Short text fragments from websites:
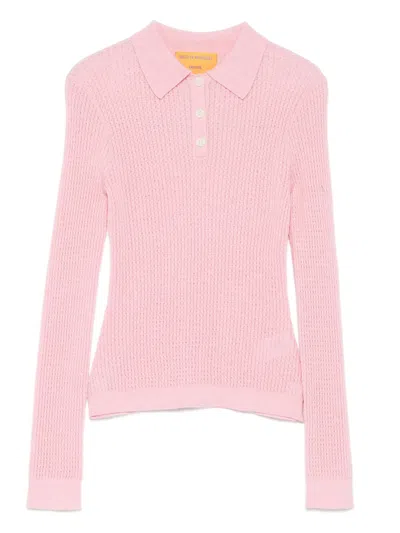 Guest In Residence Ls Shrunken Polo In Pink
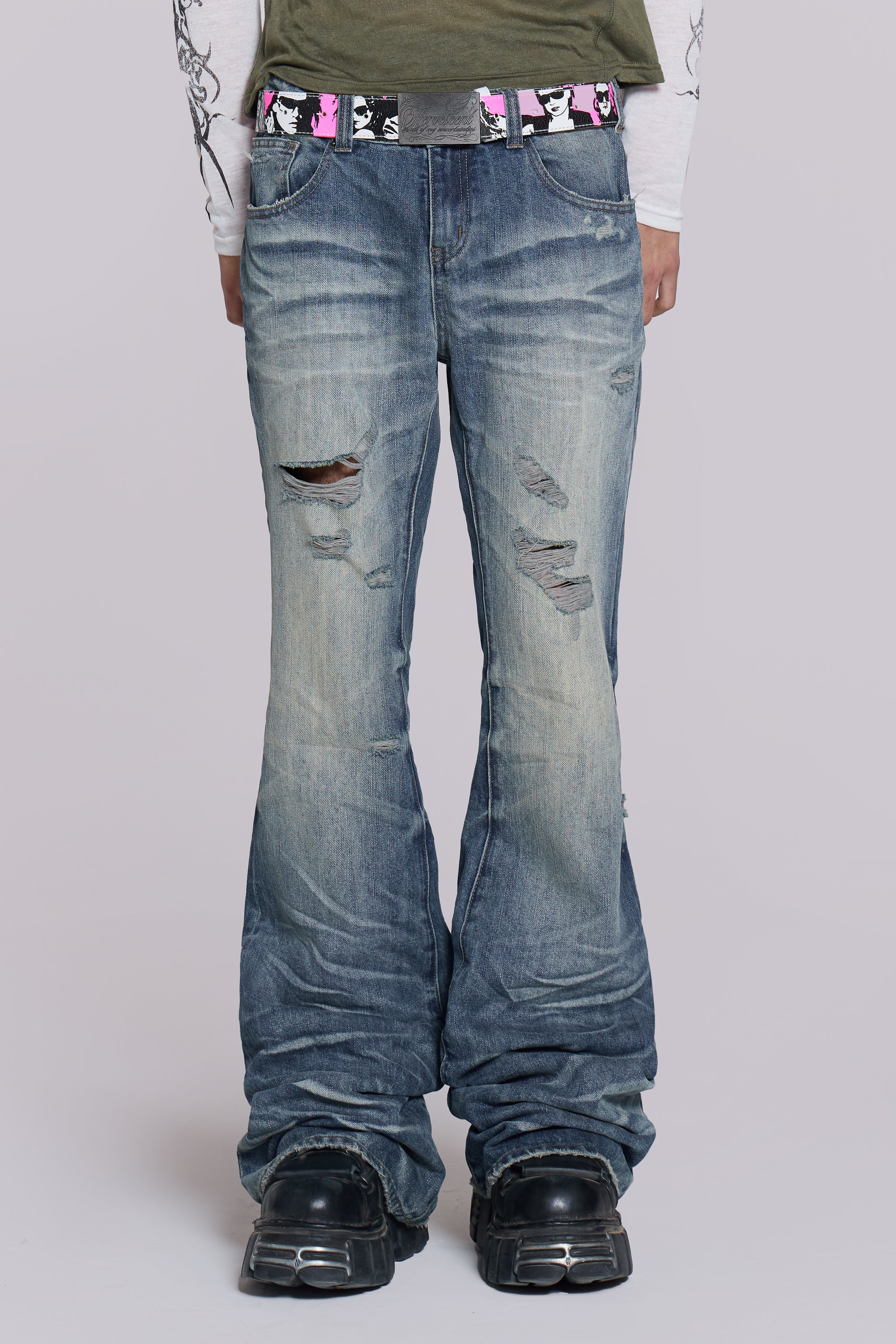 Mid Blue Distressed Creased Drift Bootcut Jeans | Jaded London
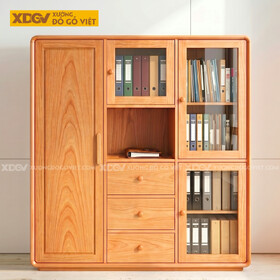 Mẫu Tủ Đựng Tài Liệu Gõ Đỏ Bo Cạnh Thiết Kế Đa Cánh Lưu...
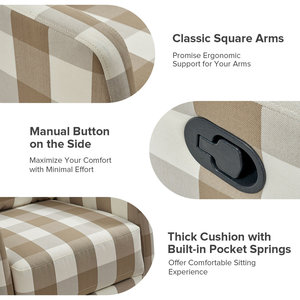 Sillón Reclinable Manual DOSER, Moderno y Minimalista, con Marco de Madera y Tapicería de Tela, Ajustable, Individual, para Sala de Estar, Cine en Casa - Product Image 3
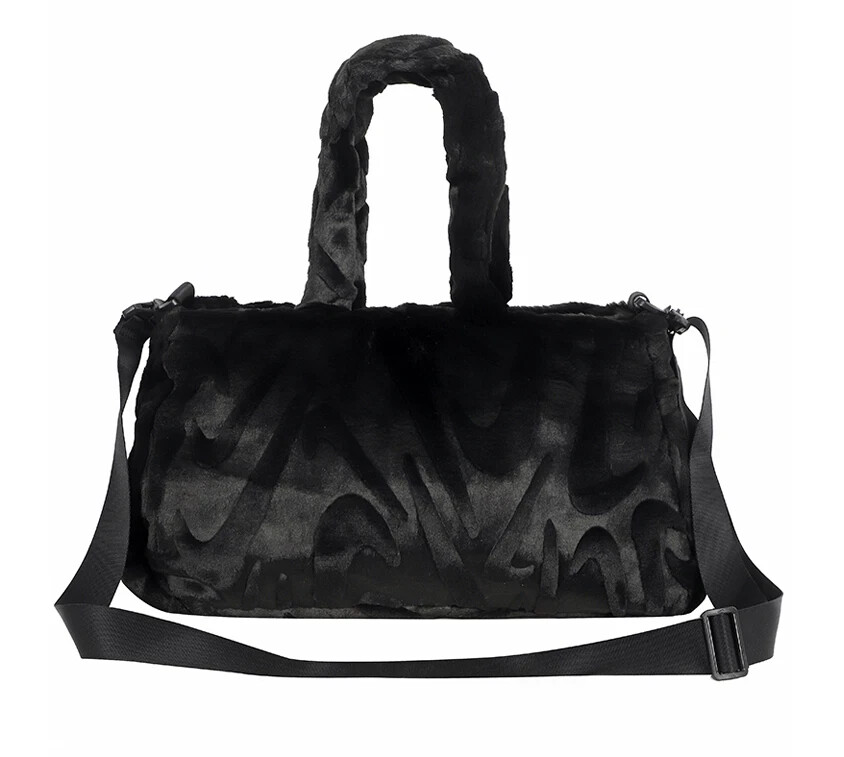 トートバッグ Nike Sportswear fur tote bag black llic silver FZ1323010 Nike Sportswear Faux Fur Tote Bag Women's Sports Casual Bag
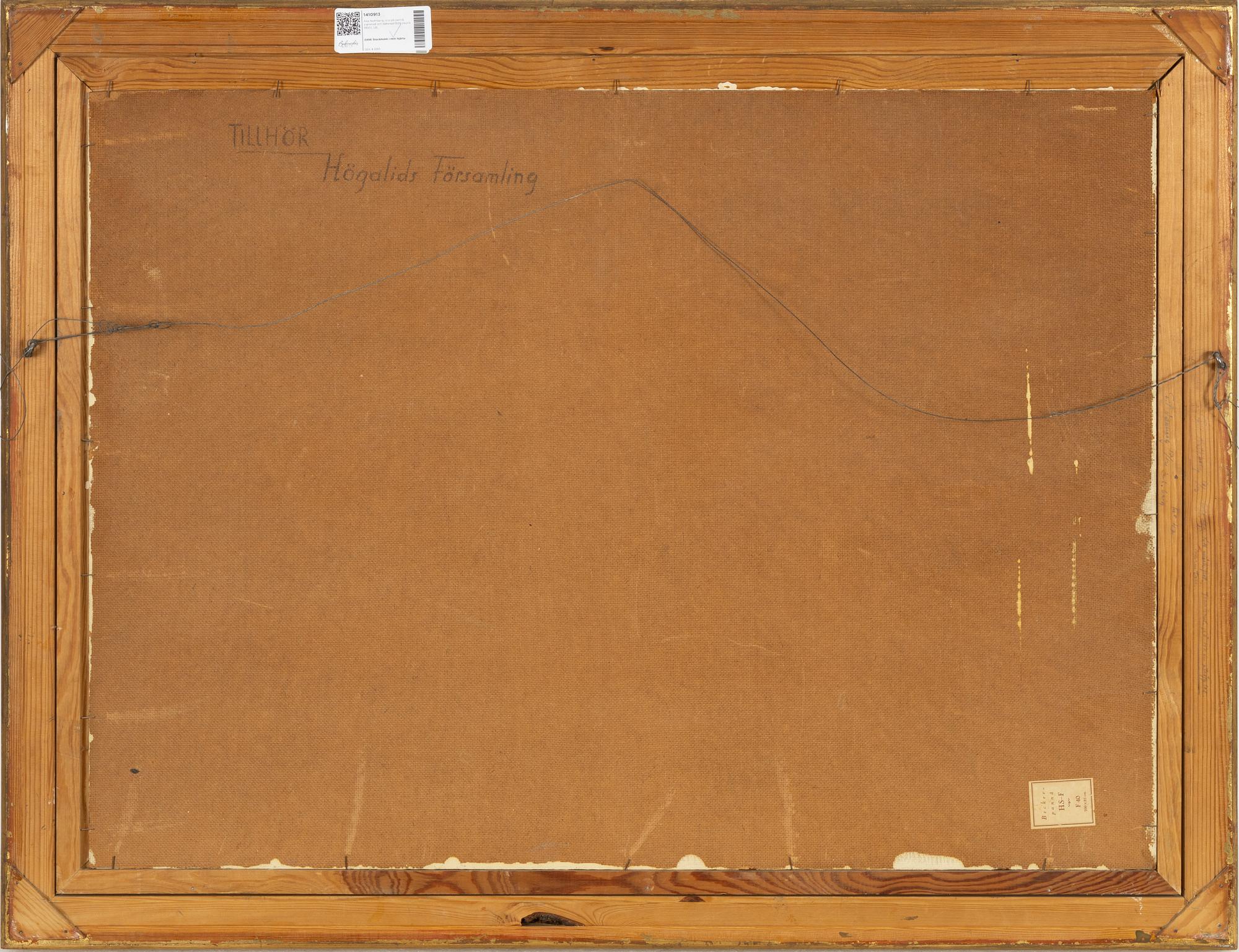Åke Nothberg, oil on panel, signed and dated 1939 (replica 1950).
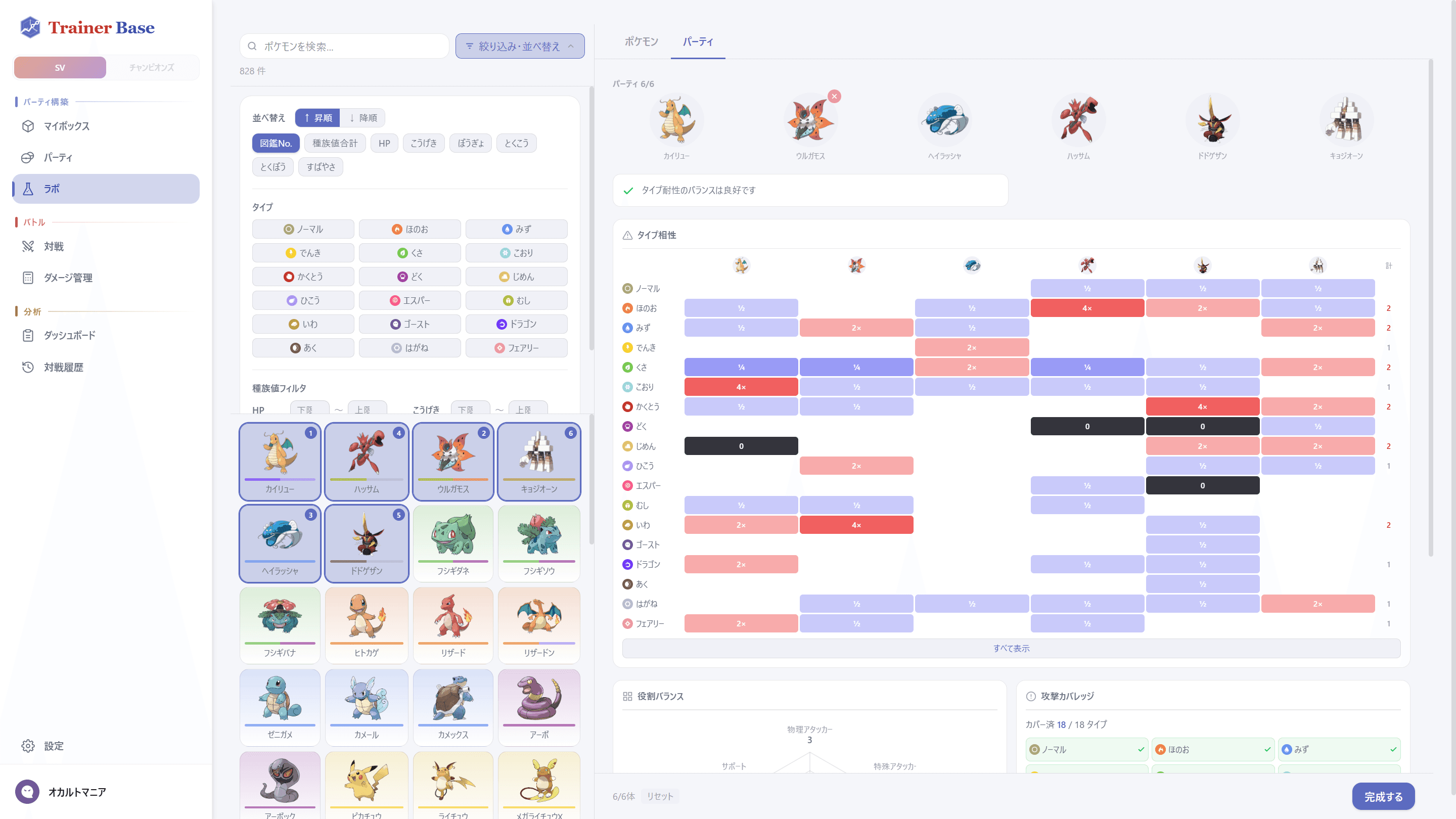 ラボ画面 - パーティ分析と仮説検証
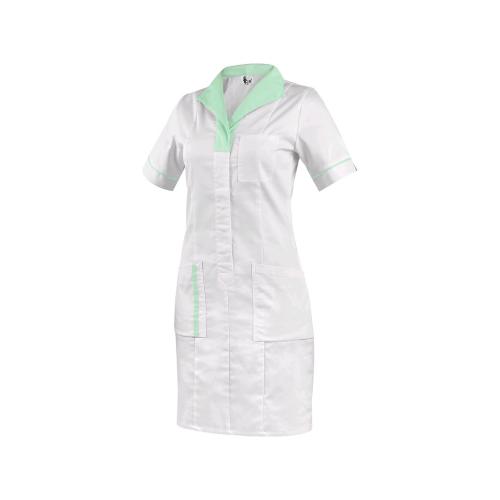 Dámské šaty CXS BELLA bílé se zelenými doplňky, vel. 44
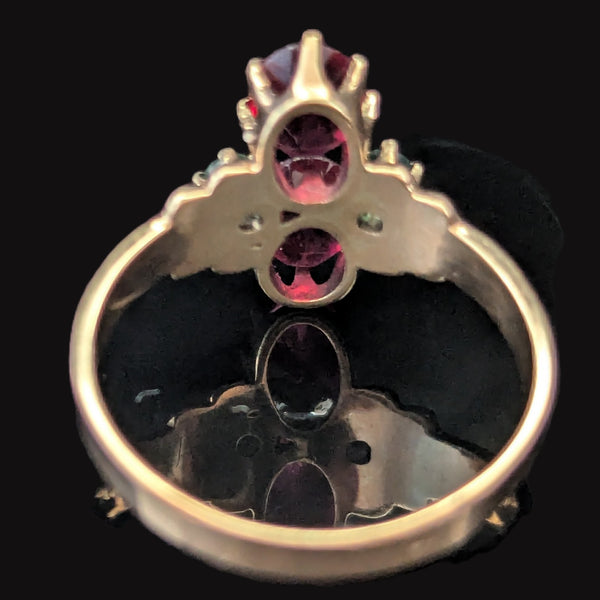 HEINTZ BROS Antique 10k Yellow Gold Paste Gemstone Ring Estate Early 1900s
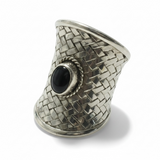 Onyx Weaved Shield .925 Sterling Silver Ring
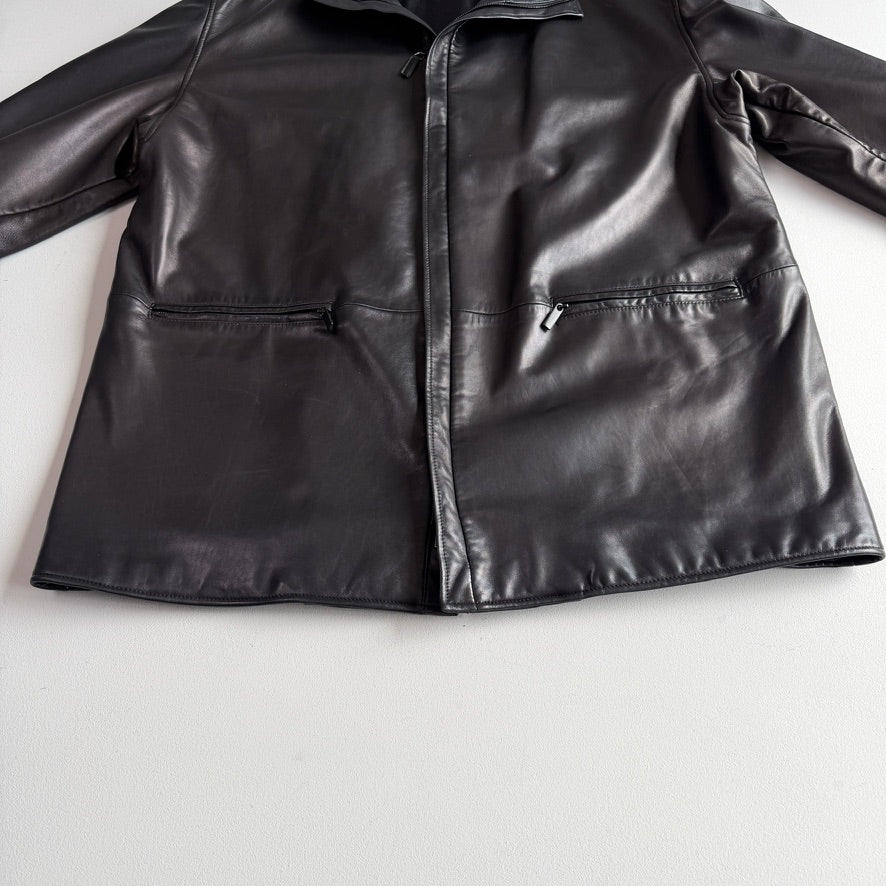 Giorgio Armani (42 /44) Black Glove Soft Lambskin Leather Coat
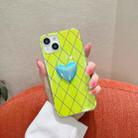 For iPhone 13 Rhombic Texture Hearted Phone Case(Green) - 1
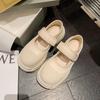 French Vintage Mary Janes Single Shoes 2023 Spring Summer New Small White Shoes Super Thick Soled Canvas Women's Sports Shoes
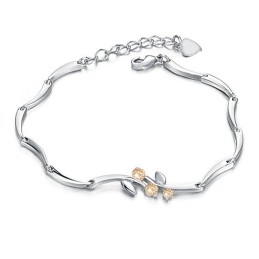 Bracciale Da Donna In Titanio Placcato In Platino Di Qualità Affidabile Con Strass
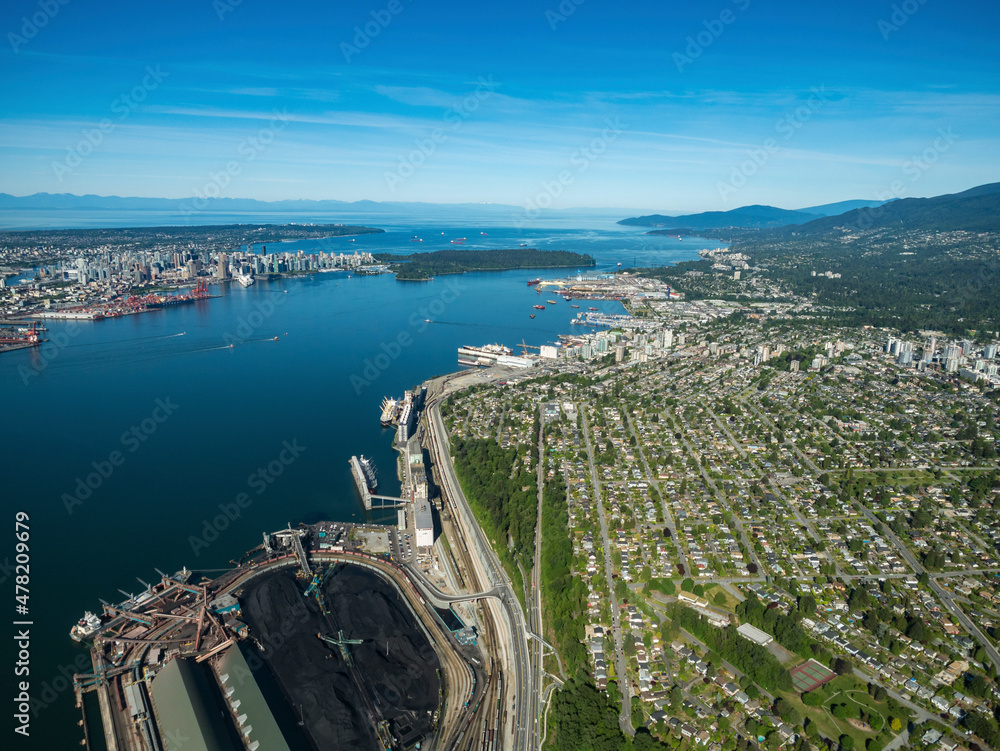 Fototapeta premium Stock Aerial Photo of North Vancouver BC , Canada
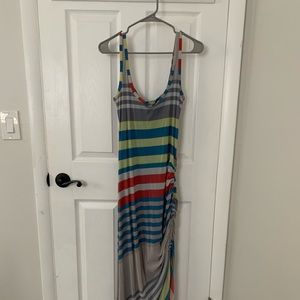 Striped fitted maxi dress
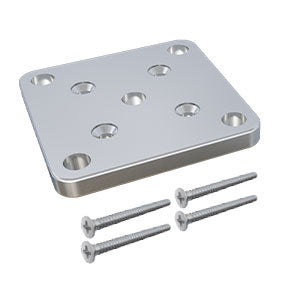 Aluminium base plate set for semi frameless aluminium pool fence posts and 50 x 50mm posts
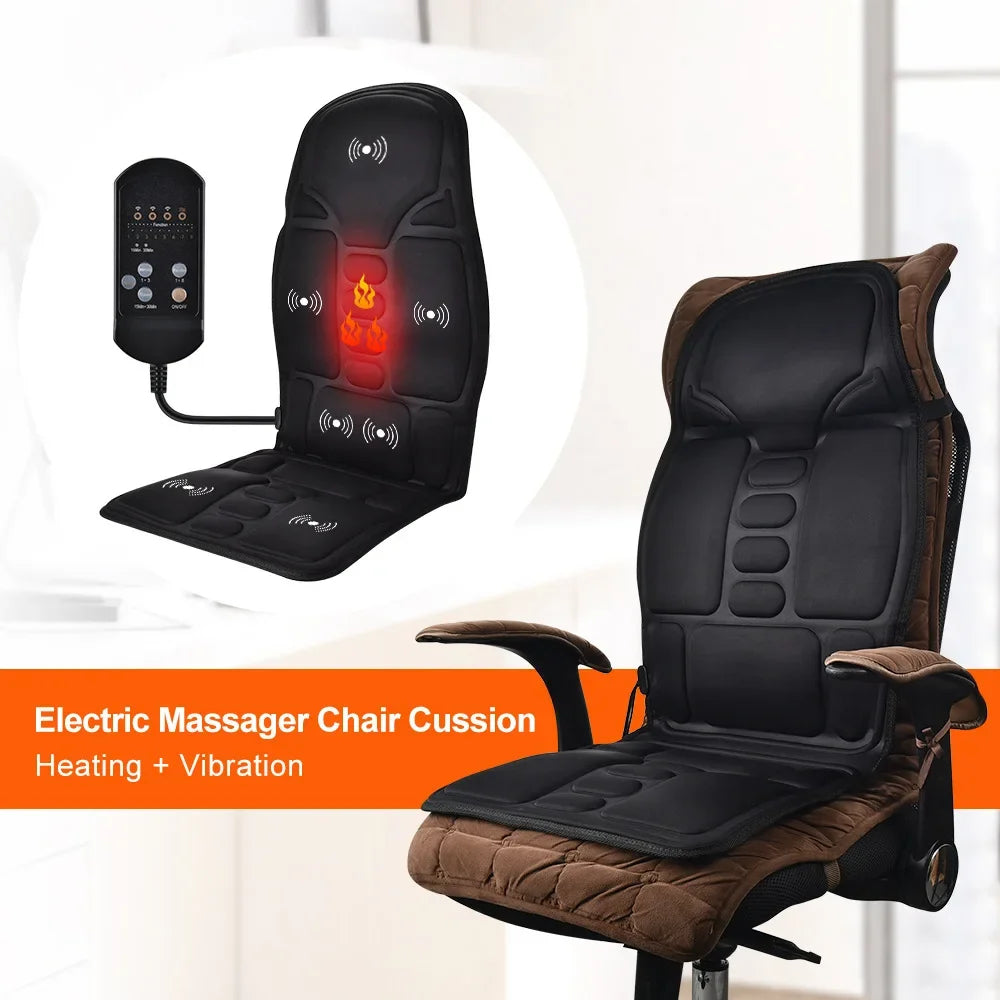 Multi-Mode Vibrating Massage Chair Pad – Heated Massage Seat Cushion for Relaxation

◆ Required work ◆
Each line from the start of the entries to the line holding "French Vintage Mary" is to be given again exactly, both ends included, and each picture is to be left out.

◆ Response to this task ◆
 Guest In Residence Ls Shrunken Polo In Pink
 Mid Blue Distressed Creased Drift Bootcut Jeans | Jaded London
 Mẫu Tủ Đựng Tài Liệu Gõ Đỏ Bo Cạnh Thiết Kế Đa Cánh Lưu...
 Sillón Reclinable Manual DOSER, Moderno y Minimalista, con Marco de Madera y Tapicería de Tela, Ajustable, Individual, para Sala de Estar, Cine en Casa - Product Image 3
 トートバッグ Nike Sportswear fur tote bag black llic silver FZ1323010 Nike Sportswear Faux Fur Tote Bag Women's Sports Casual Bag
Åke Nothberg, oil on panel, signed and dated 1939 (replica 1950).
 ラボ画面 - パーティ分析と仮説検証
 Dámské šaty CXS BELLA bílé se zelenými doplňky, vel. 44
 HEINTZ BROS Antique 10k Yellow Gold Paste Gemstone Ring Estate Early 1900s
 Onyx Weaved Shield .925 Sterling Silver Ring
 Giorgio Armani (42 /44) Black Glove Soft Lambskin Leather Coat
 For iPhone 13 Rhombic Texture Hearted Phone Case(Green) - 1
 French Vintage Mary Janes Single Shoes 2023 Spring Summer New Small White Shoes Super Thick Soled Canvas Women's Sports Shoes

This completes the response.